Ecco il primo. Buona lettura!
Il 7 febbraio siamo stati in compagnia di Patrizia Caporossi, scrittrice, storica e filosofa di Ancona. Con lei abbiamo affrontato il tema “Donne, resistenza e voto”.
Da secoli le donne lottano per essere riconosciute come partecipanti attive all’interno della vita politica e sociale. Una delle prime rivendicazioni di uguaglianza, infatti, risale al 1791, con la Dichiarazione dei diritti della donna e della cittadina di Olympe de Gouges. Ci vollero tuttavia diversi decenni per arrivare, solo a fine Ottocento e solo in alcuni Paesi, al riconoscimento del diritto di voto alle donne.
In Italia a questa conquista si arrivò più tardi, il 31 gennaio 1945, quando le donne ottennero il diritto di voto, e nel 1946 quando ottennero il diritto di far parte dell’elettorato passivo.
Già molti anni prima, però, e precisamente nel 1906, Anna Maria Mozzoni e Maria Montessori avevano presentato una petizione per il voto femminile, che però non venne presa in considerazione; infatti, solo nel 1919 si tornerà a parlare del diritto di voto femminile, ma questo cammino fu interrotto dall’avvento del Fascismo.
Dopo l’8 settembre del 1943 vennero costituite organizzazioni di lotta per la liberazione delle donne, come i Gruppi di difesa delle donne, che riunivano l’Unione Donne Italiane (UDI), il Centro Femminile Italiano (CIF) e il Movimento Femminile Repubblicano (MFR); in quel contesto vennero organizzate manifestazioni volte a dare maggiore visibilità alla condizione femminile.
Le donne parteciparono attivamente anche alla Resistenza e in tal senso il loro contributo risultò indispensabile: dall’occultamento dei partigiani alla battaglia per il controllo dei prezzi, dalla rete di associazioni e di iniziative assistenziali organizzate nelle regioni liberate alla partecipazione attiva come staffette e partigiane.
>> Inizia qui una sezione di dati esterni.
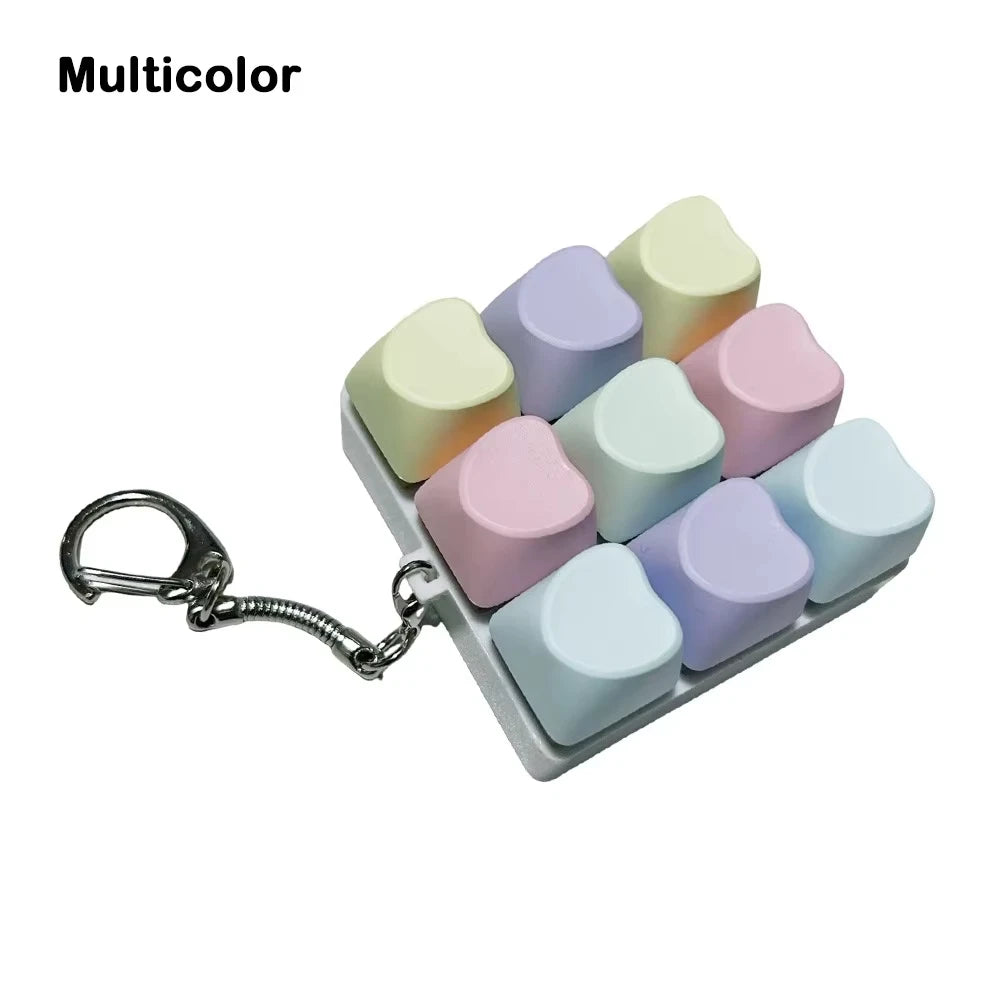 Heart Keyboard Key Clicker Fidget Toy Stress Relief Keychain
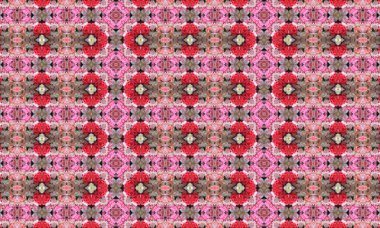 Parlak kırmızı, pembe ve kahverengi renklerle sersemletici çiçek deseni, tasarım ve sanatsal projeler için mükemmel.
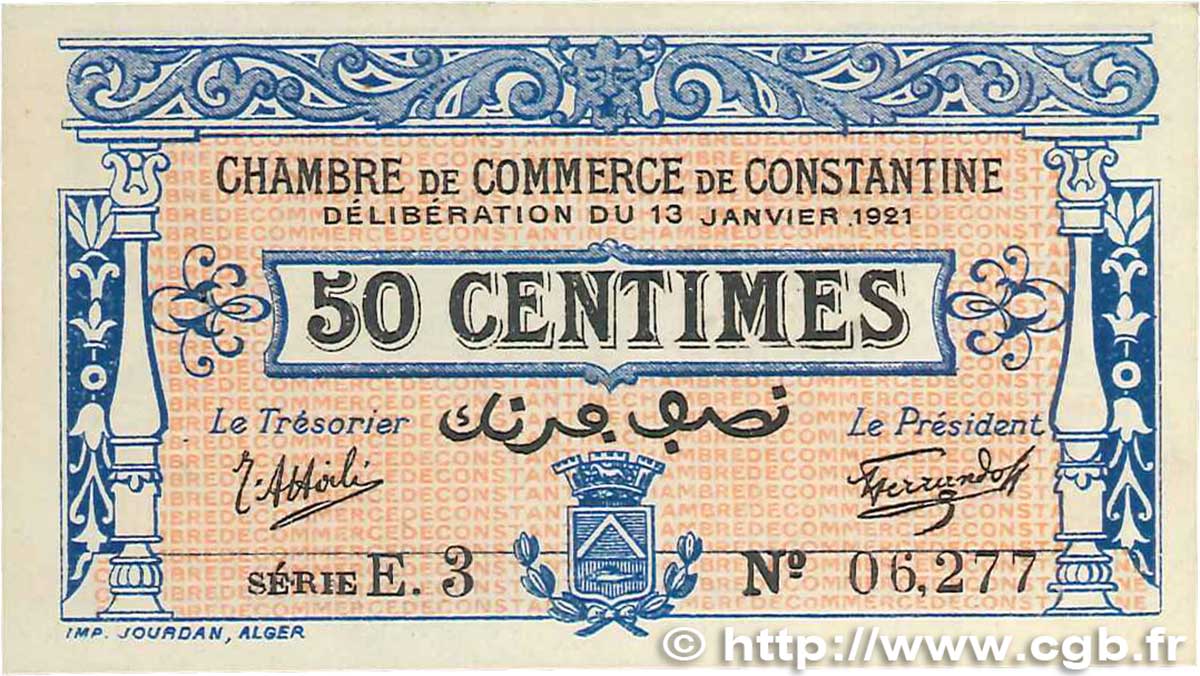 50 Centimes FRANCE regionalism and miscellaneous Constantine 1921 JP.140.25 AU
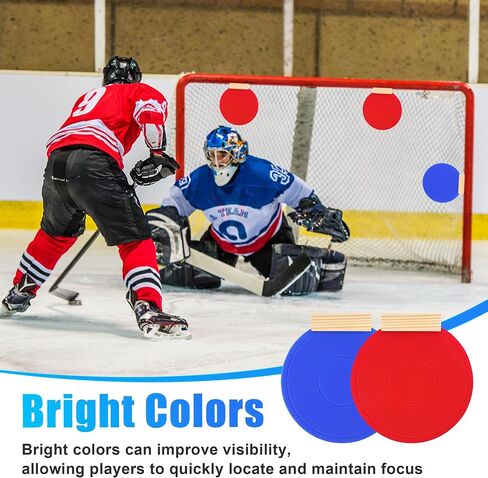4 Pcs Silicone Hockey Shooting Targets with Durable Magnetic, Lacrosse Goal Targets Discs Ideal Training Equipment for Hockey, Lacrosse, Soccer Accuracy Practice, Red&Blue in Kuwait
Tante le donne che, secondo la professoressa Caporossi, hanno rivestito un ruolo di primo piano per la democrazia del nostro Paese: Gina Borellini, medaglia d’oro al valor militare come partigiana combattente che comandava un gruppo di uomini; Joyce Lussu, medaglia d’argento, che partecipò ad azioni insieme al movimento liberal-socialista Giustizia e Libertà; Lina Fibbi che ricordiamo per la sua celebre frase “la lotta per la libertà non è mai finita”.
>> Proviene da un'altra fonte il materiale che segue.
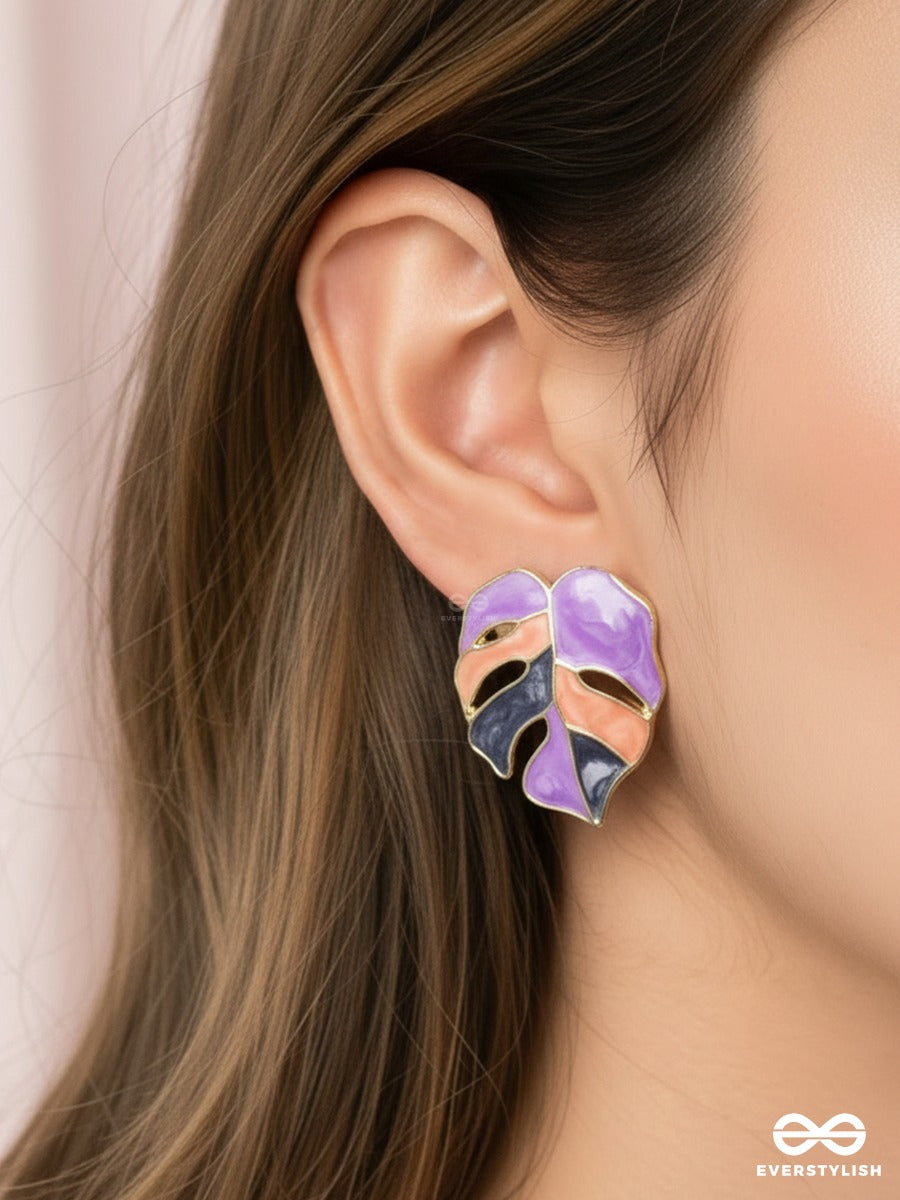 Mosaic Petal - Violet Art Earrings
Tra le date significative e simboliche del lungo cammino per la lotta all’uguaglianza femminile, si possono ricordare l’8 marzo 1945, quando venne celebrata la prima giornata della donna nelle zone dell’Italia libera, e lo stesso giorno ma del 1946, quando tutta l’Italia celebrò la donna; fu in quell’occasione che, per la prima volta, fece la sua comparsa la mimosa, scelta da Teresa Mattei – una delle madri della Costituzione – come fiore simbolo delle donne perché capace di crescere spontaneamente senza cure particolari, sopravvivendo alle difficoltà.
A 70 anni dalla conquista del voto, le donne lottano ancora per l’uguaglianza e la parità, una lotta che va di pari passo con quella per la democrazia e che è destinata a durare ancora per molto.